Nothing (except my generally honest nature, and a lack of money) was stopping me from hiring a smarter person to write my papers and do my projects, or even sit in classes and take my tests. (If John Q. Brainiac was in your class all semester claiming to be Tom Swiss, you wouldn't suspect anything f he showed up to take the test, too...)
The authentication problem is real, but I don't think it's fundamentally worse for on-line education than for face-to-face classes.
Re:Education shouldn't be for profit anyway (Score:5, Interesting)
Doctors in England and France do quite well, and their entire health care system is run not-for-profit. In Europe doctors don't have to deal with insurance reimbursement troubles, can focus entirely on treating patients and making them well, get paid more for improving the health of their patients, and still make enough money to be considered upper class. There is a good way and a bad way to run health care and education, a free market/capitalistic approach is a bad way. It's non-optimal. Solutions that are good for organizing the general economy aren't always great for solving social problems.

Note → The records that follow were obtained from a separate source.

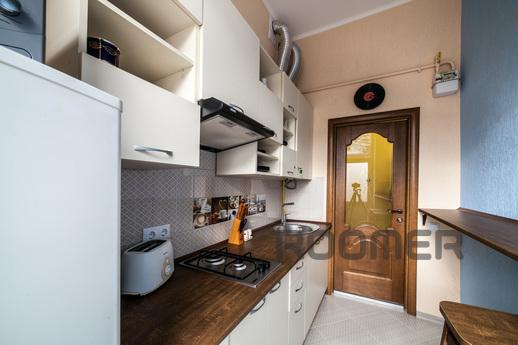 Modern 2BR Apartment in Central Lviv, Lviv - apartment by the day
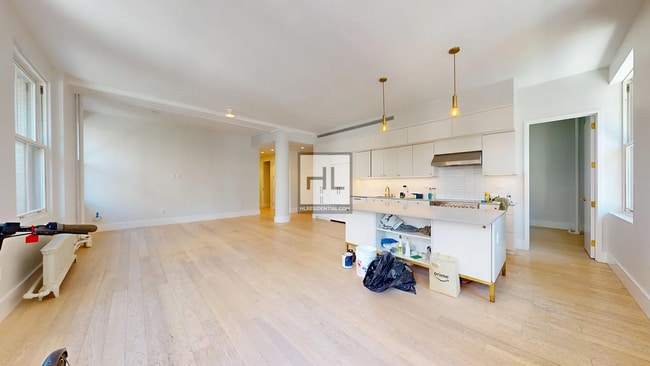 Building Photo - 452 Broome St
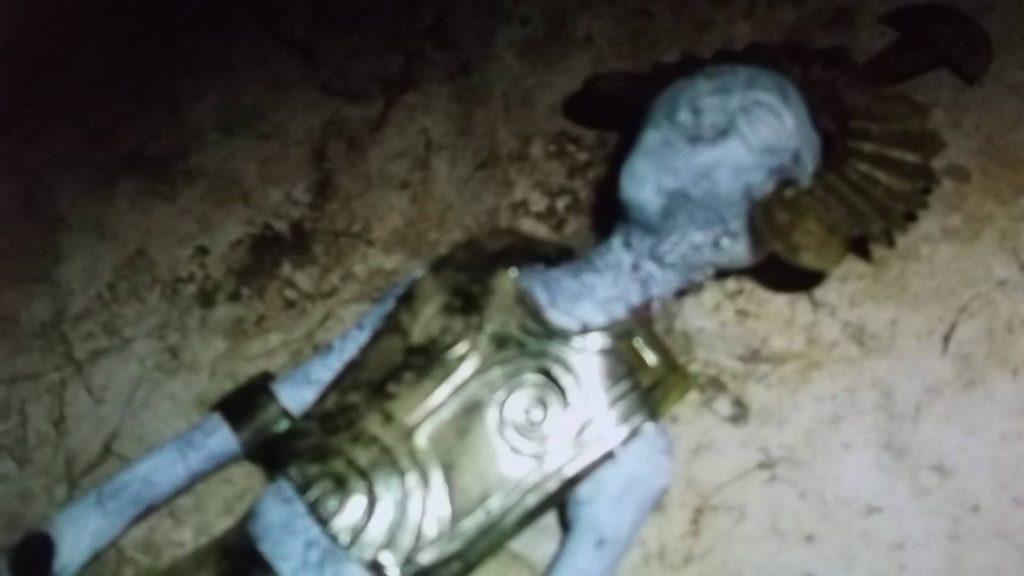 Unearthing аiіen Bodies in the Nazca Plateau’s Caʋe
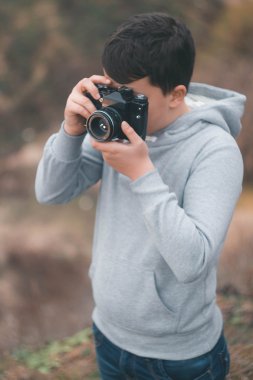 Genç çocuk Vintage fotoğraf makinesi ile çekim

Re:Community college, anyone? (Score:5, Interesting)
Besides I'm glad my changes of a proper education doesn't depend on my parents ability to support me...
It's not that my parents are irresponsible or unable to help me... But I'm 21... I'm a grown man and have been for a few years... I'm proud that the system we have here, ensures that your changes for an education doesn't depend on your parents ability to support you, it depends on you and your brain, and nobody else (well, yeah, that average tax-payer maybe)...
Re:You get what you pay for (Score:4, Interesting)
I loved my Shakespeare prof in college. I took him for 2 Shakespeare classes and a classical mythology. One of the things I loved about him was that he didn't require you to agree with him. You DID, however, have to read--the best bullshit detector I've ever come across.
I had a prof for a Thoreau class, though, who fit that negative stereotype perfectly. Outdoorsy hippie naturalist students got As; those of us who, for example, interpreted vast sections of his writing as masked professions of homosexual longing, however, found ourselves with Cs on every assignment. I actually went to her office twice and basically pleaded, "What do you WANT?" It was a required 400-level class, and I was just trying to get out of school at that point. I'd been kind of biding my time in the English department, waiting for the International Studies degree program to start, after which I could transfer in all my Japanese language and Asian history/poli-sci/economics credits and get a degree that reflected what I'd actually spent my mental energy on--a program that, once it finally materialized, was in the ART DEPARTMENT--No thanks! I'll take English over that!!!
She told me I needed to try to get in touch with nature more.
Towards the end of the class I just kind of gave up. I said, "I don't see why my personal philosophical orientation towards nature should have anything to do with my grade in a literature class." I kind of resigned myself to getting a C in my last semester of university, in my major department, and having to take another semester to make up that one class.
Then my professor invited a renowned Thoreau scholar to come speak to us.
He said at one point, "of course, all serious Thoreau scholars now recognize that Thoreau was gay, and that much of his writing was an attempt to deal with that in a society in which that could be dangerous." I shot a glance at my prof. She blushed and lowered her eyes.
I got an A.
If you are a high school or early-undergrad who is reading this, please take my advice on this: DON'T major in English, or any of the humanities, unless you want to be a teacher. That is coming from a university English professor (well, a linguist, whose research is all statistics, but who works in an English department). Just don't do it. It is a silly place.
Re:Community college, anyone? (Score:3, Interesting)
I hate to see tax payers get the bill for something that benefits the few like colleges and universities do. Especially since so many drop out of college without getting a degree. It's wasted tax payer funding. Scholarships or tuition reimbursement would be a much better system.